(DATA SHOWN begins)

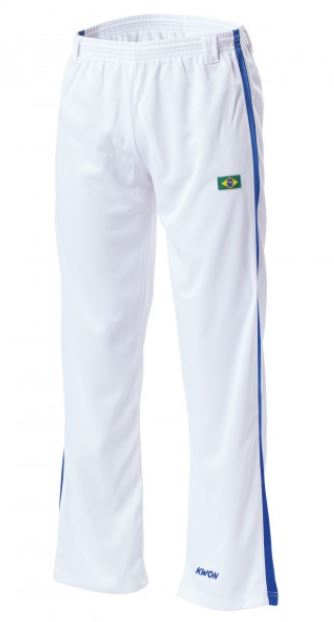 Capoeira bukser - Hvid med blå stribe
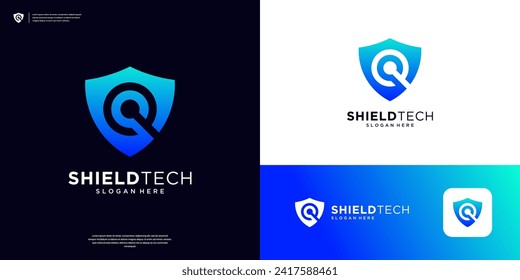 Modernes Design für das technische Schutzlogo. Schildform mit Buchstabe Q im negativen Raum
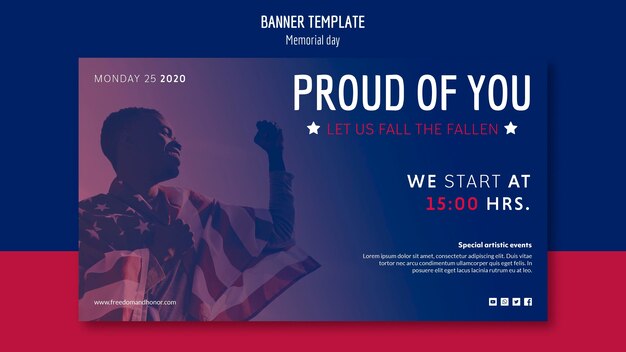 Memorial day banner template theme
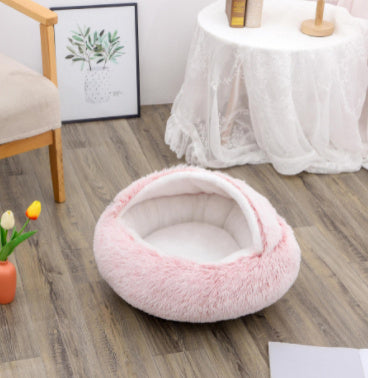 All-Season 2-in-1 Pet Bed – Round Plush Warm Bed for Cats and Dogs, Soft and Snuggly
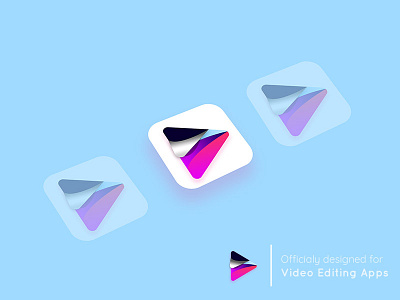 Video Editing App Icon app clean colors design editing icon play ui ux white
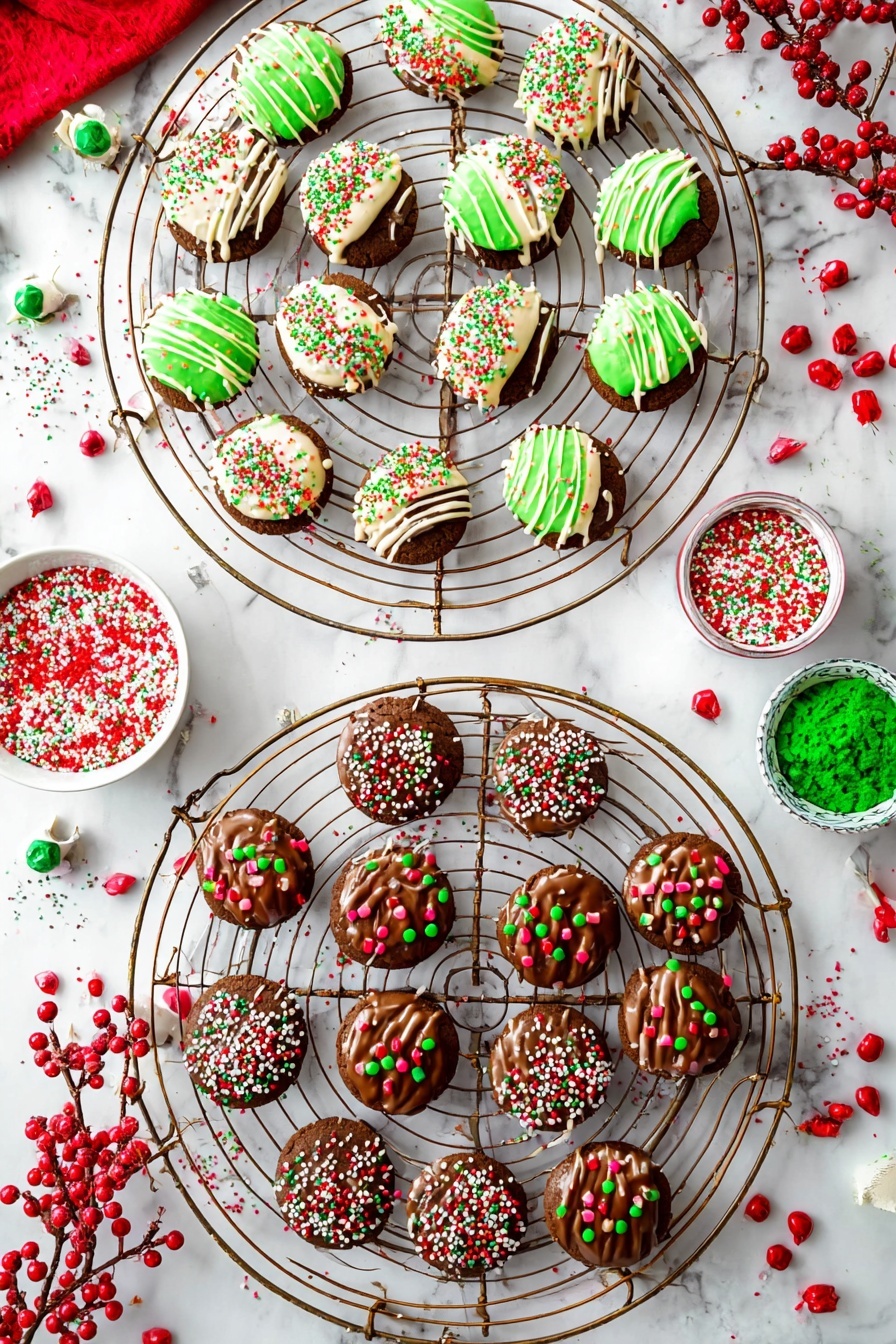 Christmas Chocolate Covered Oreos, festive Oreo treats, holiday chocolate desserts, easy Christmas cookies, homemade chocolate covered Oreos - The image shows two round cooling racks on a white marbled surface, each filled with small round chocolate cookies decorated for Christmas. The cookies on the top rack are half dipped in white or green icing with colorful sprinkles in red, green, and white, and drizzled with thin lines of icing. The cookies on the bottom rack are covered with chocolate icing and topped with various sprinkles in festive colors like red, green, and white. Some have small red and green candy pieces, while others have thin pink icing stripes. Around the racks, there are small bowls filled with red and green sprinkles and candy, along with light bulbs filled with colorful decorations and red berry garlands. photo taken with an iphone --ar 2:3 --v 7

(DATA SHOWN ends)

ABOUT THIS TASK = Begin at the first line of the records and please reproduce every line exactly through the one containing "Video Editing App", leaving all pictures out.

EXERCISE RESPONSE =
 Capoeira bukser - Hvid med blå stribe
 Modernes Design für das technische Schutzlogo. Schildform mit Buchstabe Q im negativen Raum
 Memorial day banner template theme
 All-Season 2-in-1 Pet Bed – Round Plush Warm Bed for Cats and Dogs, Soft and Snuggly
 Video Editing App Icon app clean colors design editing icon play ui ux white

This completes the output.